Hitler and his propaganda machine also persuaded many Germans in 1945 that suicide was preferable to surrender to the allies. Between January and June 1945, over 10,000 Germans committed suicide, a conservative estimate according to this Wikipedia article. However, because of poor health and time and space constraints, Hitler was not able to execute as many German leaders as he wanted or to send as many civilians into pointless battle as he wanted. All this is documented in several biographical books written on Hitler’s life.2
My uncles, who fought in the Canadian 1st army and were assigned the task of clearing all the English Channel and North Sea ports held by the German army, told me how much they were grieved to have to kill the German defenders of those ports, knowing that they had families and knowing that Hitler had commanded them to defend those ports to their deaths. Because of Hitler, many Germans died pointless deaths. However, due to Hitler’s advancing ill health, poor decisions, and his confinement to just one dimension of time and three dimensions of space, many more German and non-German lives were spared.
Endnotes
- Volker Ullrich, Hitler: Downfall: 1939–1945, trans.
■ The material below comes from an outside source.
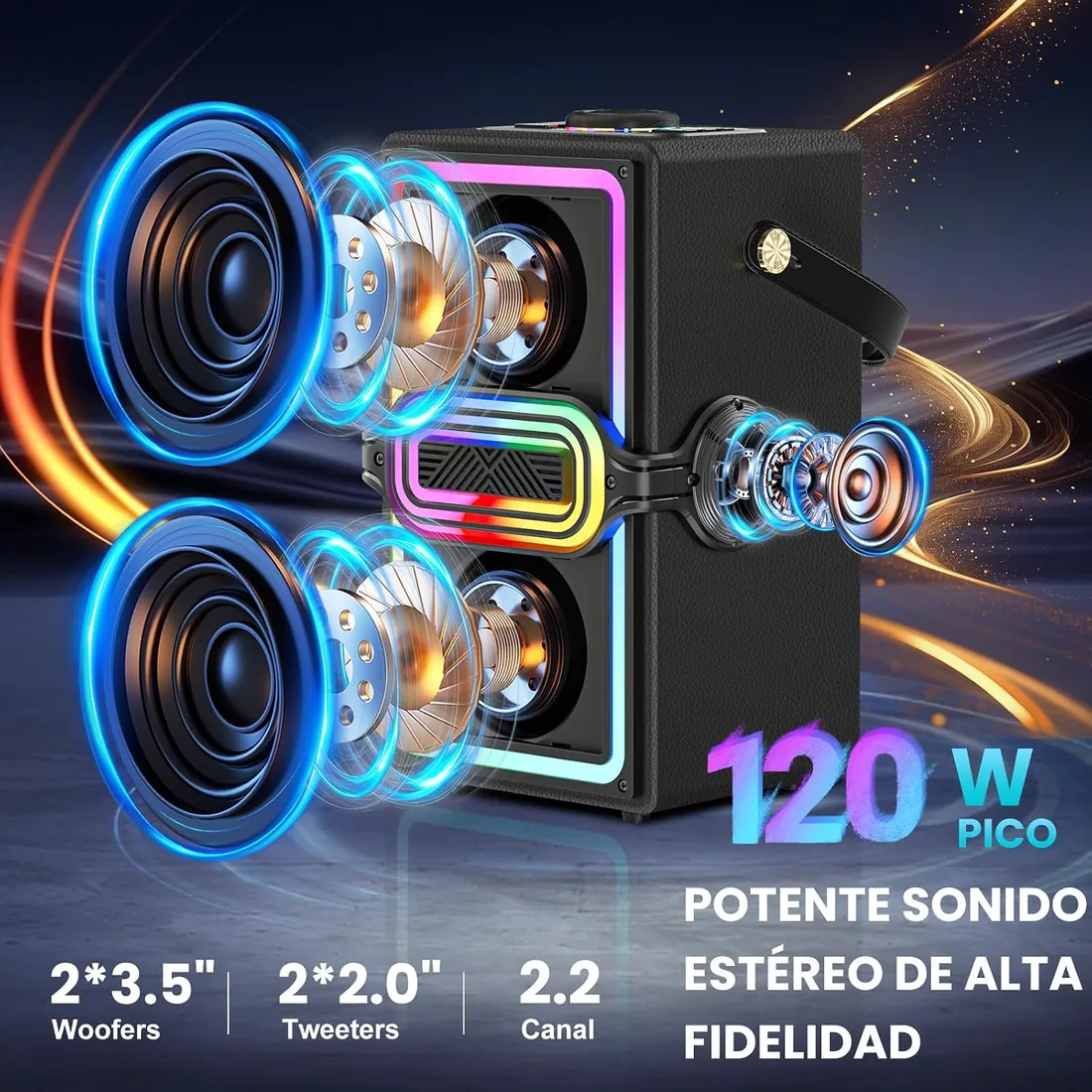 Altavoz Bluetooth, 120 W de Pico inalámbrico TWS, Altavoces portátiles para Fiestas al Aire Libre con subwoofer, Graves Profundos, Luces LED Coloridas, para el hogar, Camping (Negro) foto 2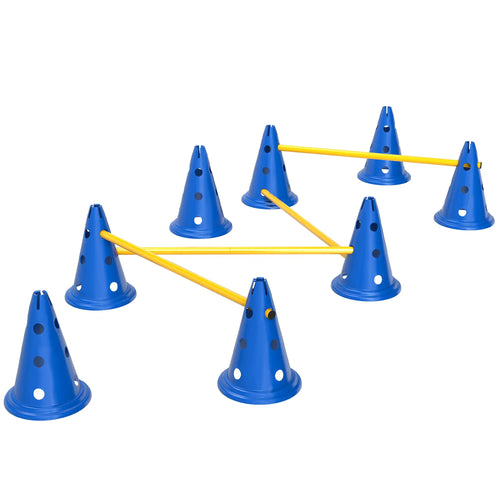 Dog Agility Hurdle Cone Set, Adjustable Obstacle Course, 8 Cones & 8 Poles, Blue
Jefferson Chase (New York: Knopf, September 1, 2020).
- Ullrich, Hitler: Downfall: 1939–1945; Peter Longerich, Hitler: A Biography (Oxford, UK: Oxford University Press, 2019); Rochus Misch, Hitler’s Last Witness: The Memoirs of Hitler’s Bodyguard (Barnsley, UK: Frontline Books, 2017); John Toland, Adolf Hitler: The Definitive Biography (New York: Anchor, 1992).